Chapter 11. Providing Transit Services
Being a multihomed ISP with BGP-speaking customers isn’t very different from just being a multihomed network in most regards, but some things need extra attention. A regular multihomed network sends out just its own routes, which makes for easy outbound filtering: allow out the BGP announcements you’re trying to send, and nothing else. When you’re providing transit services, it gets a bit more complex. You can, of course, filter out any announcements that don’t fit your idea of how your customers should announce their routes. That way, however, you don’t leave any room for traffic engineering or BGP-based anti-DoS measures. A better solution is to accept all reasonable announcements. You should also have a solution for customers with two connections to your network.
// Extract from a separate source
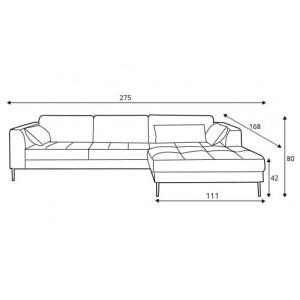 Кутовий диван Luzi Etap Sofa правий розкладний 275x168 см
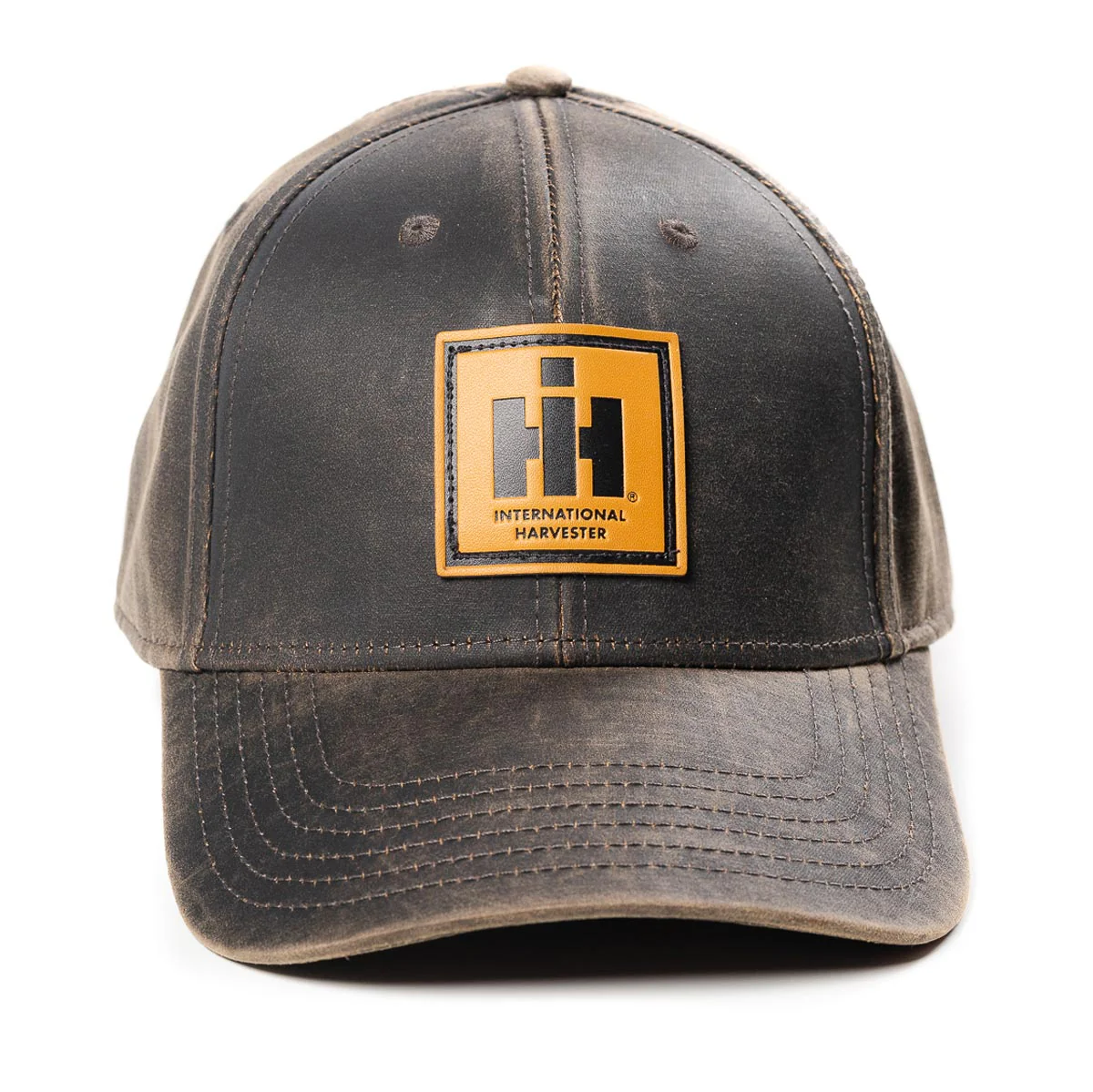 IH Logo Leather Emblem Oil Distressed Premium Cap - Image 2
And expect customers to come to you with questions about IP multicast and IPv6.
The examples in this chapter all use AS 40077 as the local AS number with different customer and upstream ISP connections in each example.
Route Filters
Outbound route filters to upstream networks (peers and transit ISPs) are important to make sure you send only the routes you want to source and those of your customers to your peers and upstream ISPs. You need two types of outbound route filters: AS path and prefix filters. Having both prefix and AS path filters is redundant in theory, but in practice there are many ways in which faulty routes can escape one check, so they must be filtered out by the other. ...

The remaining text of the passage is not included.